Looking for a way out of the predicament, Ukrainian Prime Minister Yulia Tymoshenko suggested that Russia make a five to seven year advance payment of about five billion dollars for the transit of gas to Europe. Ukrainians have to pay about that much for Russian gas supplies.
Implementation of this proposal seems unlikely for at least three reasons.
First, Ukrainian President Viktor Yushchenko recently referred to this option as illegal.
Second, the joint EU-Ukrainian declaration on upgrading the Ukrainian gas transport network, signed on March 23, 2009 in Brussels, provides for a considerable change in the organisation of the Ukrainian gas complex. In other words, we do not know for certain with whom Gazprom will execute gas supply contracts for Ukraine and for the securing of transit to European consumers.
Third, the global crisis, along with a drop in gas prices and sales will make it difficult to stockpile five billion dollars.
Since Ukraine has voiced doubts in its ability to make the payments for natural gas, we have informed our partners of a potential problem, resorting to the early warning mechanism set up between Russia and the European Union (EU) on potential energy system setbacks.
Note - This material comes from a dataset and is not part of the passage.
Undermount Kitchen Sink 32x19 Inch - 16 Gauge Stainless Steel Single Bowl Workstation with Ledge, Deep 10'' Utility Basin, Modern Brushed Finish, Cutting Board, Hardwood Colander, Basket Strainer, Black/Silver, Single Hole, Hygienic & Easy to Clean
I sent messages to the EU leaders --President of the European Commission José Manuel Barroso, President of the Czech Republic Vaclav Klaus, and Swedish Prime Minister Fredrik Reinfeldt. I also discussed gas supplies via Ukraine, including ways of resolving the problem in a telephone conversation with Mr Barroso today.
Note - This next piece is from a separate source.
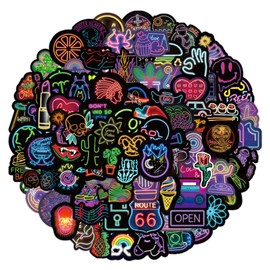 Sticker Pack of 100, Neon Graffiti Sticker Decals, Waterproof Vinyl Stickers for Laptop, Suitcase, Guitar, Luggage, Bike, for Children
Judging by the reaction of these European leaders, the EU is unable to render the required financial aid to Ukraine. They made references to the acute economic crisis and the EU's internal rules and procedures.
Having warned our European partners about the threat to Europe's energy security, we have declared our willingness to shoulder part of the responsibility of the financial burden in resolving the problem. However, I would like to emphasize that Russia does not intend to subsidize the Ukrainian economy single-handedly. We are hoping that the EU will hear our concerns and discuss them very seriously at its forthcoming meeting on June 18-19.
I would also like to make one more remark about the world community's concerted effort to counter the crisis. On May 27, I sent a letter to IMF Managing Director Dominique Strauss-Kahn, reaffirming Russia's readiness to invest up to $10 billion in its bonds. These additional resources will expand the fund's potential to deal with the crisis.
At the same time, we are convinced that the funds allocated by Russia should be used primarily to help our CIS neighbours, in particular, to help Ukraine resolve its energy problem. We are grateful to Mr Strauss-Kahn for his initial constructive response.
The Ukrainian Government has been informed about the essence of our proposals to the IMF and our European partners.
To conclude, I would like to emphasize once again that the impending problem of Ukrainian transit is very serious and concerns not only Russia and Ukraine. It concerns an overwhelming majority of European countries, and should be resolved with a common effort, and with full understanding of the responsibility involved. I hope that this sober and pragmatic logic will gain an upper hand.